Directions for the data below: repeat exactly the lines from the one with "The lancet is fixed" through the one with "DNA is the genetic", both included, and omit all pictures.

#### Data supplied:
:::

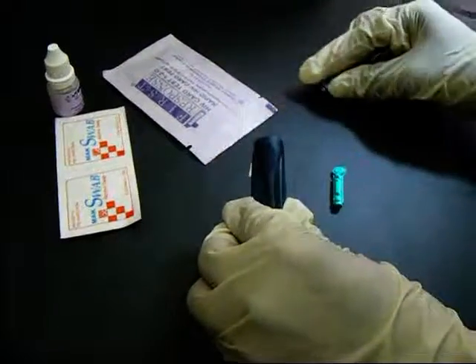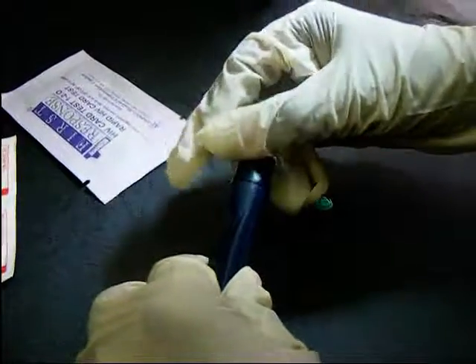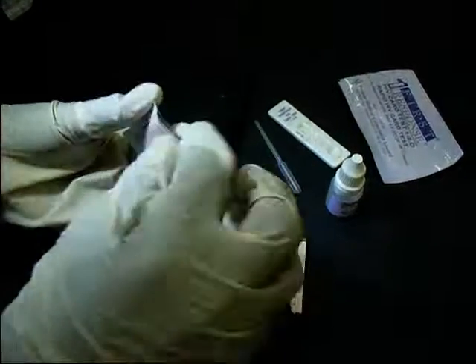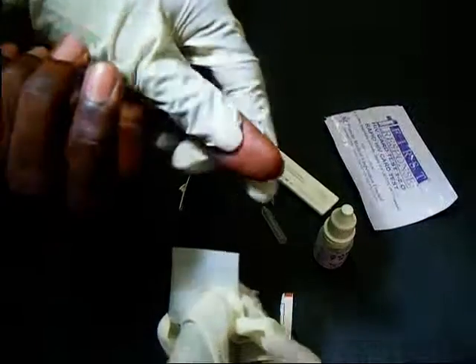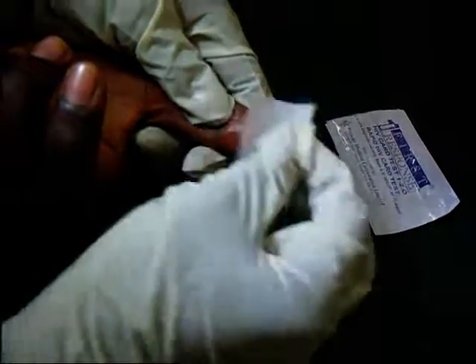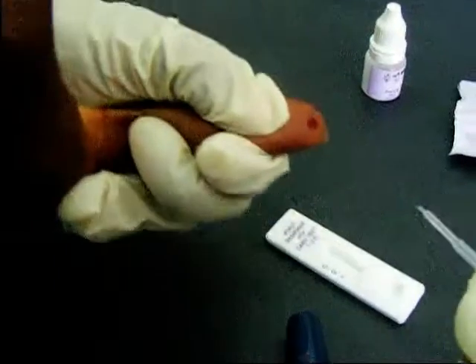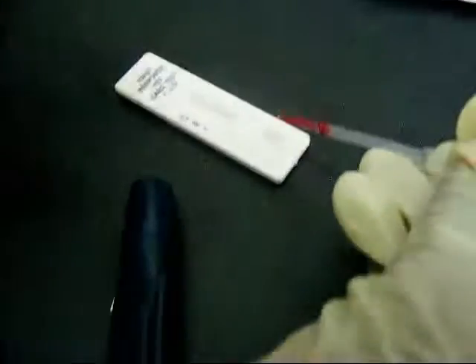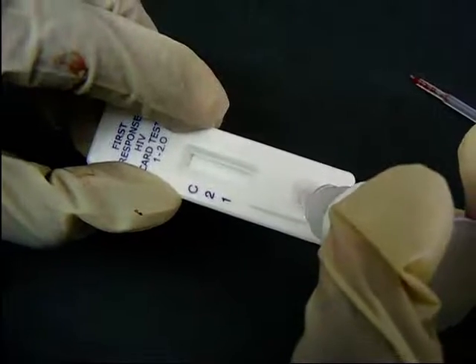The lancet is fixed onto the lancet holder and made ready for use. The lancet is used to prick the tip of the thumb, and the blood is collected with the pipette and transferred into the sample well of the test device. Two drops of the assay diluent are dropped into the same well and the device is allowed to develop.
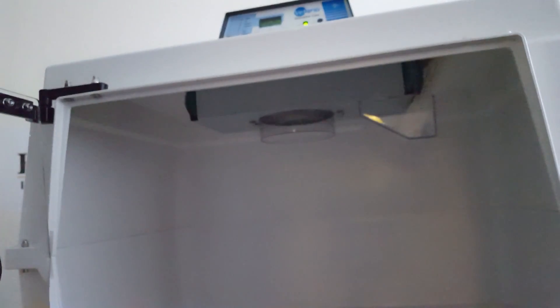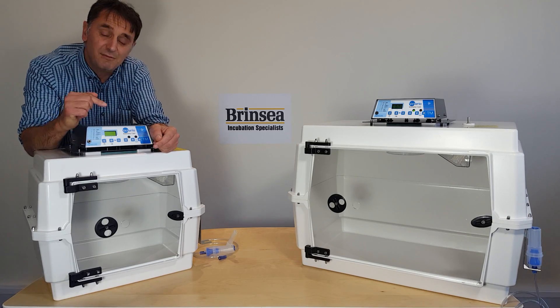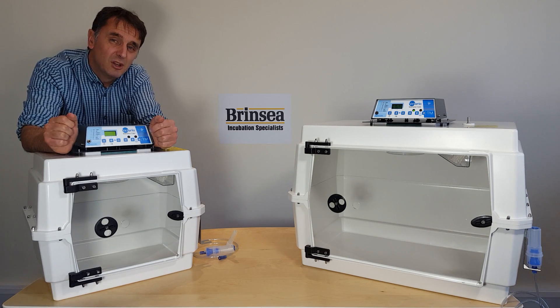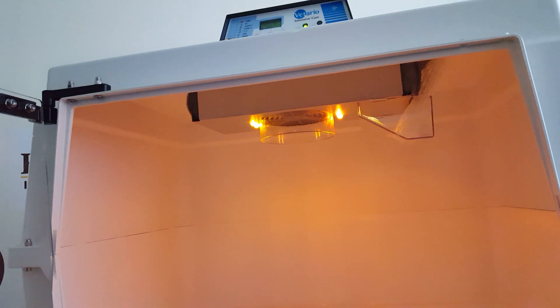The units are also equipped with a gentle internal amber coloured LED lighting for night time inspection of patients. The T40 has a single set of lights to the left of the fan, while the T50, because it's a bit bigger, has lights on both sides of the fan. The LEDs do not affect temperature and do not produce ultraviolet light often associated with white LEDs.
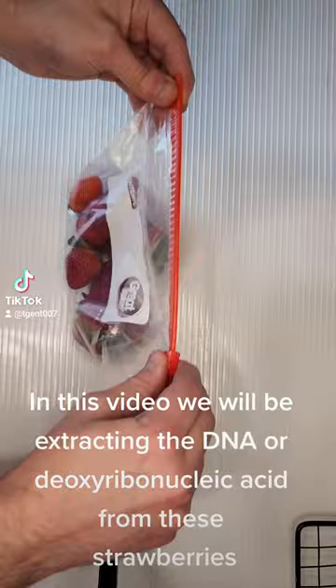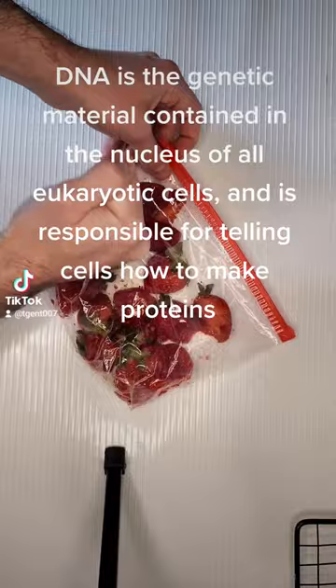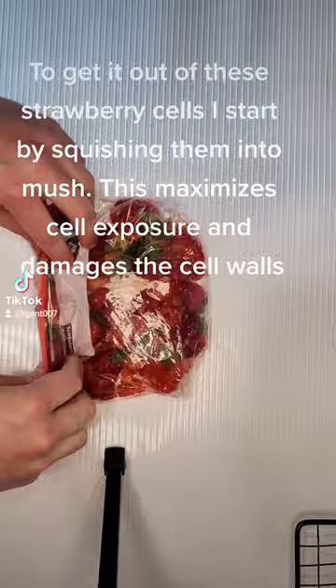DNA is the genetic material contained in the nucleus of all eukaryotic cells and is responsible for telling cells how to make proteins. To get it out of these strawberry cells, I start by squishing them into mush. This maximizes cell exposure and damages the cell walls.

:::

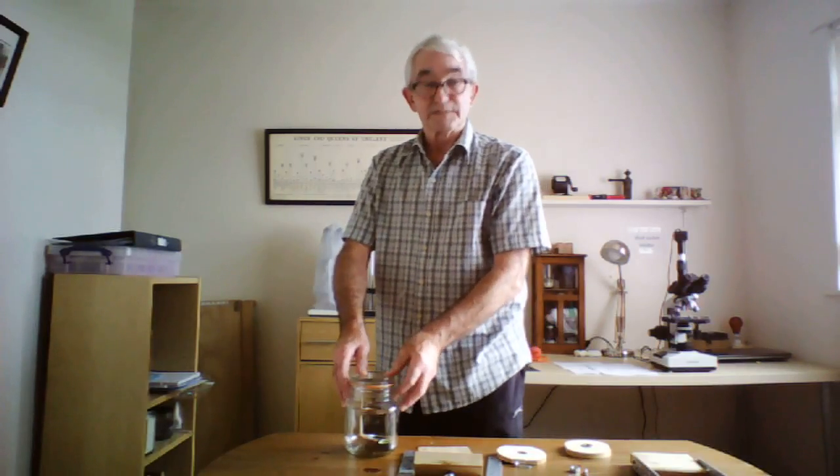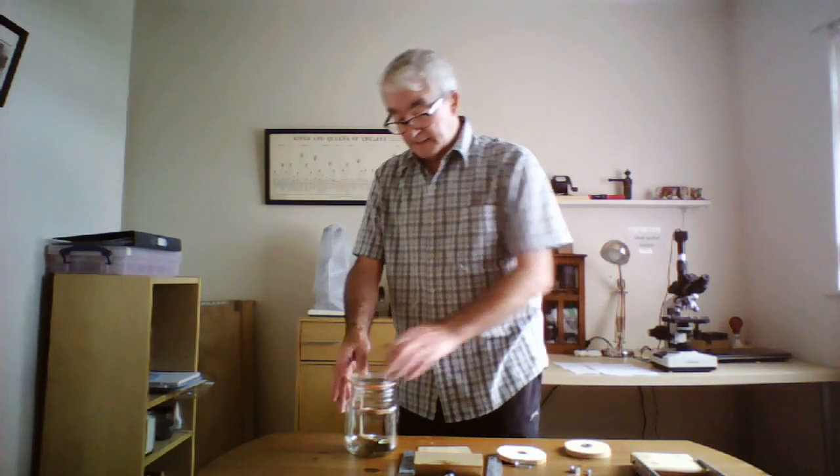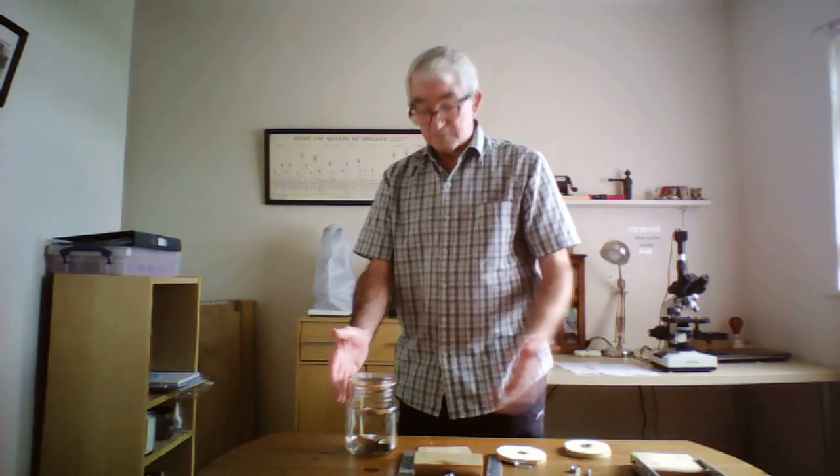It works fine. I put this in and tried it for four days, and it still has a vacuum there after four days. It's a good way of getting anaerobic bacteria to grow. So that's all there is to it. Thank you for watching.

:::

#### Result of this task:
The lancet is fixed onto the lancet holder and made ready for use. The lancet is used to prick the tip of the thumb, and the blood is collected with the pipette and transferred into the sample well of the test device. Two drops of the assay diluent are dropped into the same well and the device is allowed to develop.
The units are also equipped with a gentle internal amber coloured LED lighting for night time inspection of patients. The T40 has a single set of lights to the left of the fan, while the T50, because it's a bit bigger, has lights on both sides of the fan. The LEDs do not affect temperature and do not produce ultraviolet light often associated with white LEDs.
DNA is the genetic material contained in the nucleus of all eukaryotic cells and is responsible for telling cells how to make proteins. To get it out of these strawberry cells, I start by squishing them into mush. This maximizes cell exposure and damages the cell walls.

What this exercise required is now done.